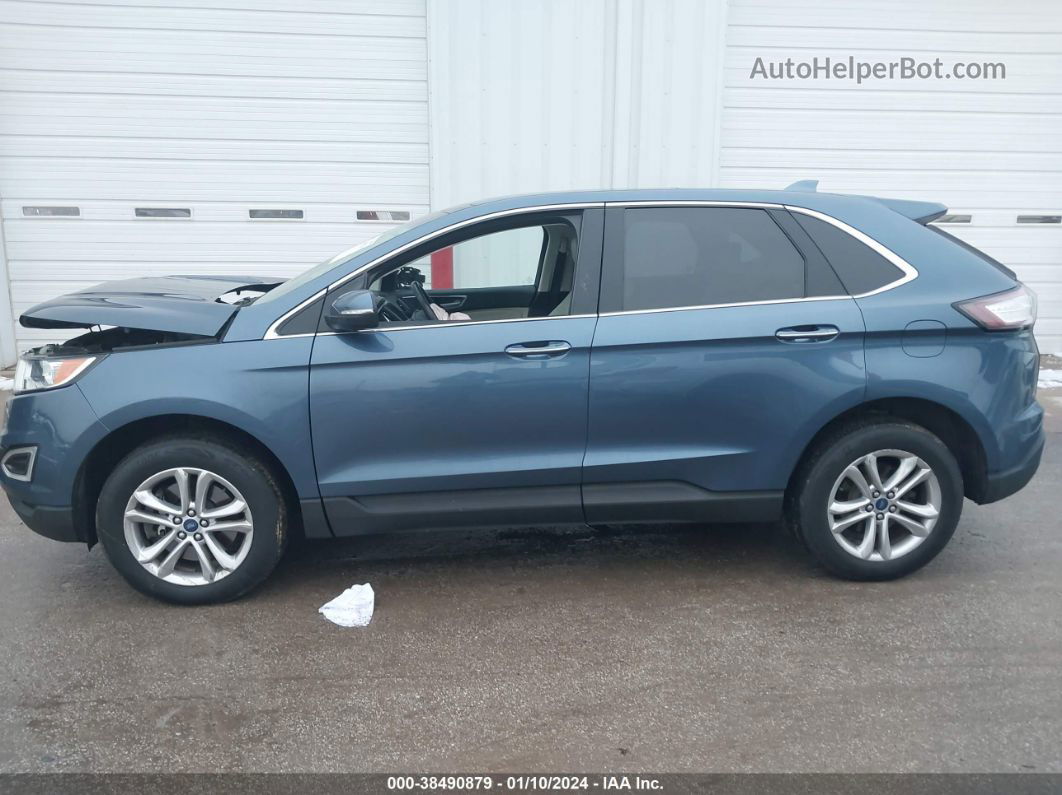 2018 Ford Edge Titanium Blue vin: 2FMPK4K81JBB36961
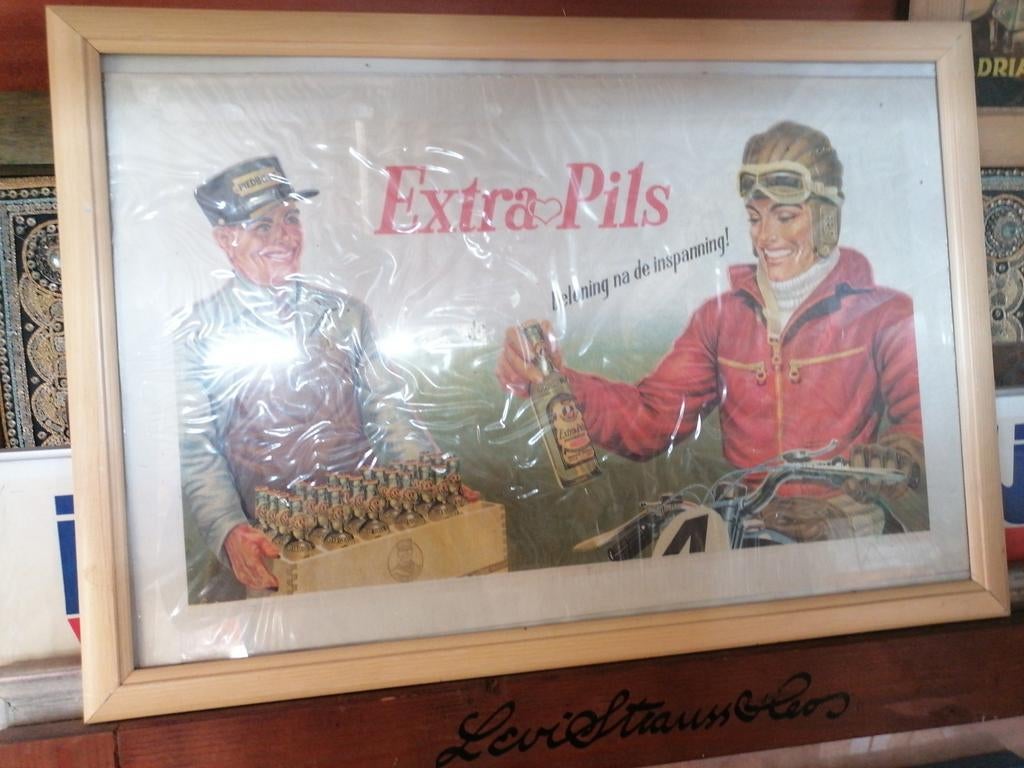 Très ancienne publicité à Piedbeuf, Collections, Marques & Objets publicitaires, Enlèvement ou Envoi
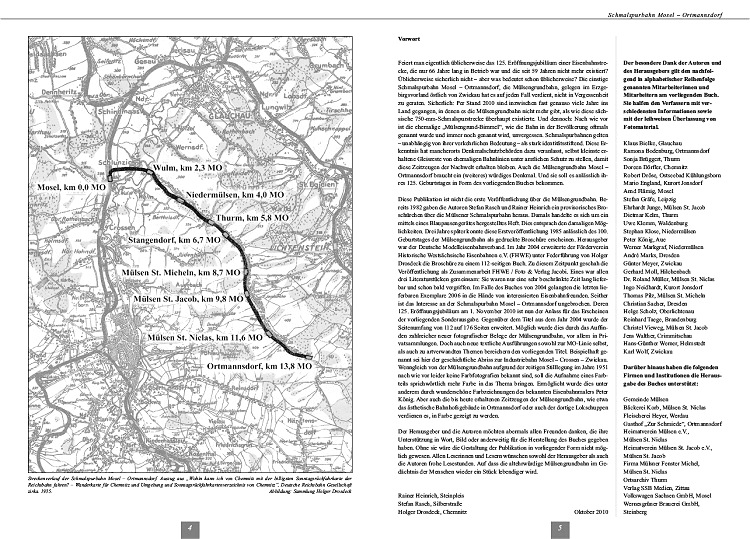 Buch Jubiläumsausgabe Die Schmalspurbahn Mosel - Ortmannsdorf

* [Exercise instructions]
The reply has to reproduce every line above verbatim and contain no pictures.

* [Your solution]
 2018 Ford Edge Titanium Blue vin: 2FMPK4K81JBB36961
 Très ancienne publicité à Piedbeuf, Collections, Marques & Objets publicitaires, Enlèvement ou Envoi
 Buch Jubiläumsausgabe Die Schmalspurbahn Mosel - Ortmannsdorf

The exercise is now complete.